Zoo turns to science for chance at baby
SEATTLE – A ticklish business, artificially inseminating an elephant.
With the help of high-tech ultrasound and computer gear, special protective clothing, wheelbarrows and not a little cooperation from Chai, a 26-year-old Asian elephant, Woodland Park Zoo officials hope the complicated process led by two German scientists will result in the pachyderm again giving birth, as she did four years ago.
Chai got pregnant by natural means last time around, but it wasn’t all candy and flowers. She had to endure the stress of getting shipped off to a zoo in Missouri, where some of her fellow elephants showed her hostility. She came home with scars and a few chunks missing from her ears.
There was even less romance this time, but at least she got to stay home at the zoo’s spacious elephant compound and house. Nearby was her calf, Hansa, who was born Nov. 3, 2000, becoming the first elephant ever delivered at the 100-year-old Seattle zoo.
Setting the stage was no easy task.
Dr. Thomas Hildebrandt, one of two world-renowned German scientists called in to help, wore a bicycle helmet, ultrasound imaging goggles and covered himself in plastic protective gear.

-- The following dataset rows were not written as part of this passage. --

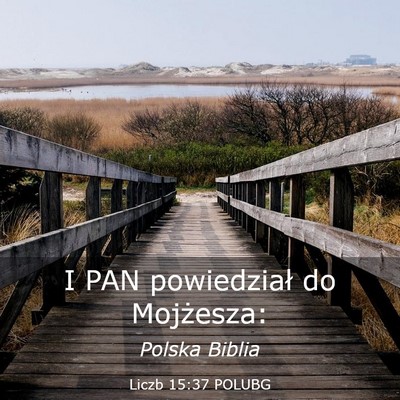 Picture 03 - Liczb 15:37 POLUBG - I PAN powiedział do - Bible Verse Picture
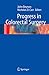 Progress in Colorectal Surgery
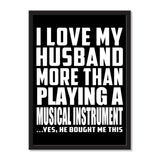 I Love My Husband More Than Playing A Musical Instrument ...He Bought Me This - Portrait Frame Photo Tile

Beneath Hildebrandt, his colleague, Dr. Frank Goeritz, sat on a stool in front of a bank of computer screens, electronic equipment and a jumble of computer and power cords.
With several zookeepers helping, Hildebrandt inserted an ultrasound probe into the elephant’s rectum while Goeritz fed a light-emitting tube into a larger catheter that had been inserted into Chai’s “vestibule.”
The vestibule is just one feature of an elephant’s 10-foot-long reproductive tract that makes artificial insemination difficult. Inside it is a dime-sized vaginal opening, two false openings on either side, and the bladder’s much larger opening.
After hours of preparation, examination and a messy enema involving wheelbarrows of dung to make for a clearer ultrasound image, Hildebrandt and Goeritz succeeded in inseminating Chai Tuesday night.
“It went very well,” Hildebrandt told the Seattle Post-Intelligencer. “We’ll see.”
Dr. Nancy Hawkes, general curator at the Seattle zoo, said it will be another 15-16 weeks before an ultrasound can confirm if Chai is pregnant. If she is, there will be another 22 months of gestation, with a due date in December 2006 or January 2007.
Anatomy is just one of the hurdles to elephant reproduction.
For starters, it isn’t easy to pin down exactly when they’re ovulating – a process Chai goes through only three times a year.
There are no male elephants at the Seattle zoo. And because elephant semen can’t be frozen, fresh semen for Chai had to be collected and flown in from a zoo elephant in Tulsa, Okla., and a donor in Los Angeles, a bull that works part-time in the film industry.
Some experts believe successful reproduction of the captive elephant population may be critical to the species’ long-term survival. The Asian elephant is as an endangered species, largely because of habitat destruction.
“Reproduction technology is increasingly important for saving species,” Hildebrandt said. He and his colleagues at the Berlin Institute for Zoo Biology and Wildlife Research apply their skills to many animals, such as the critically endangered northern white rhino.
Hildebrandt and Goeritz, nicknamed the “Berlin Boys” in some circles, may hold the most promise for turning things around.
They were responsible for 12 of the 17 successful elephant pregnancies achieved using artificial insemination in the past decade, and the others also used their approach, the P-I reported.
Hildebrandt and his colleagues perfected the ultrasound technique of guiding the insemination process by performing autopsies on elephants that had been culled from herds in South Africa because of overpopulation in dwindling habitats.
The German scientists also use the ultrasound for visualizing ovaries and other features of the elephant reproductive tract to make the timed rendezvous of elephant egg and sperm as close to perfect as possible.